In 1934, the company released a coupé utility based on the US Model A Ford "Closed Cab Pickup Truck" that had been produced for six years from 1928. The local designer was Ford engineer Louis (Lewis) Bandt. During the Great Depression, banks would not extend credit to farmers to purchase passenger cars, contending they were unnecessary luxuries. However, they would lend money for the purchase of "working" vehicles. The coupé utility fulfilled the need of farmers to have a workhorse which could also be used, as a well-known saying went: "to take the wife to church on Sunday and the pigs to the market on Monday".

In 1956, the company bought a large tract of land in the northern Melbourne suburb of Campbellfield to build the Broadmeadows Assembly Plant, and in July 1961 announced that the new Melbourne factory would become the company headquarters.

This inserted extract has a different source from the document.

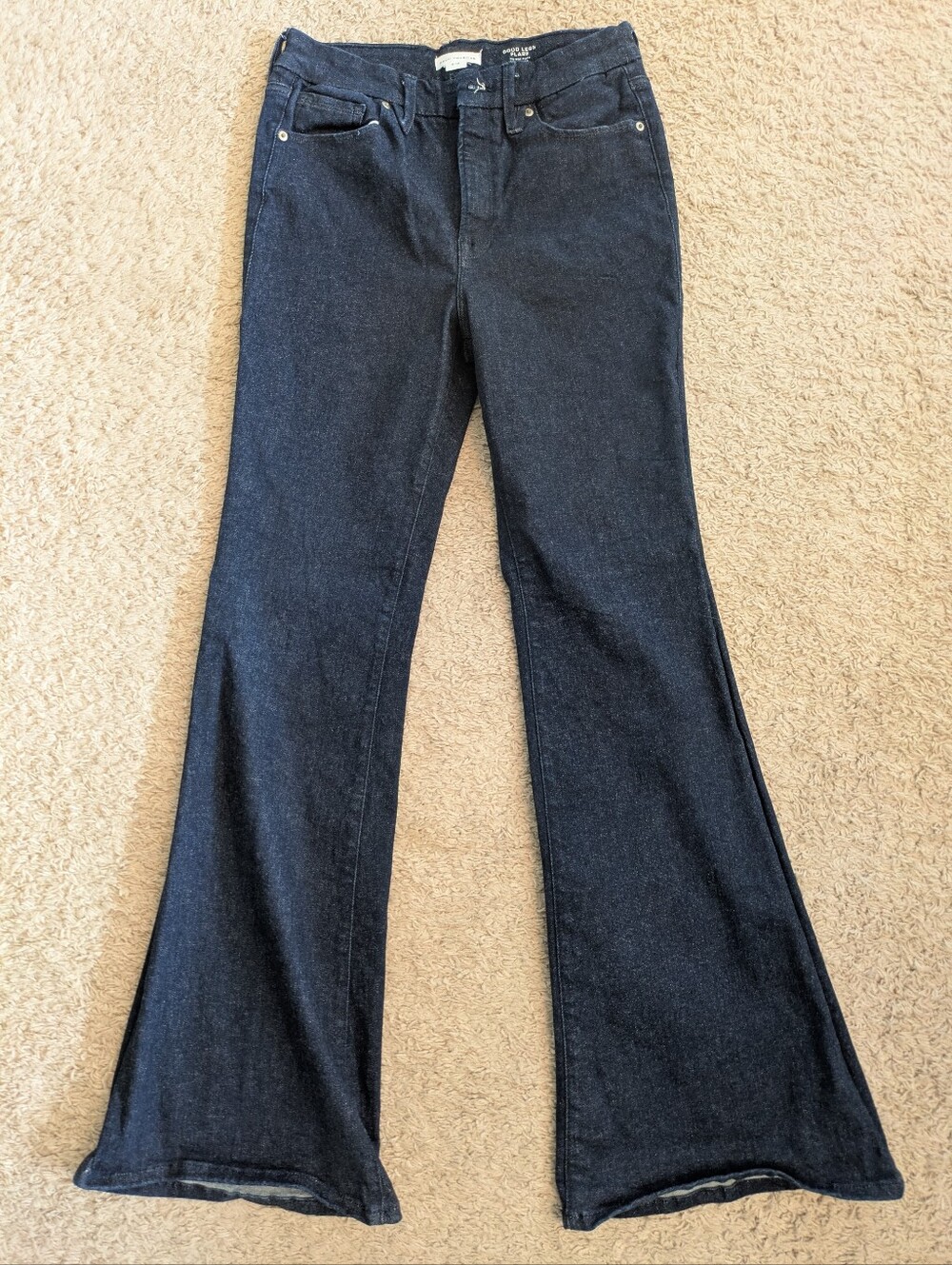 Good American Dark Blue Flare Jeans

In 2009, the parent Ford company, seeking to avoid the Chapter 11 bankruptcy that had already befallen General Motors and Chrysler, began abandoning overseas projects. By about July 2009, Ford Australia had received permission from Detroit to add a new small car to its Falcon production line. On 23 May 2013, Ford Australia announced that it would leave the Australian market after 88 years due to uncompetitive manufacturing costs and lacklustre sales. The carmaker's annual financial report, for the previous year, showed a loss of A$141 million (£90m/US$136m) after tax for the 2012 financial year. This followed a loss of A$290m in 2011 and a total loss of A$600m over the preceding five years. As a result, 1200 staff would lose their jobs.

Ford had two main factories, both in Victoria: located in the Geelong suburb of Norlane and the northern Melbourne suburb of Campbellfield. The Ford Discovery Centre, a museum of the history of the Ford Motor Company in Australia that was also located in Geelong, closed; the site was then occupied by Deakin University.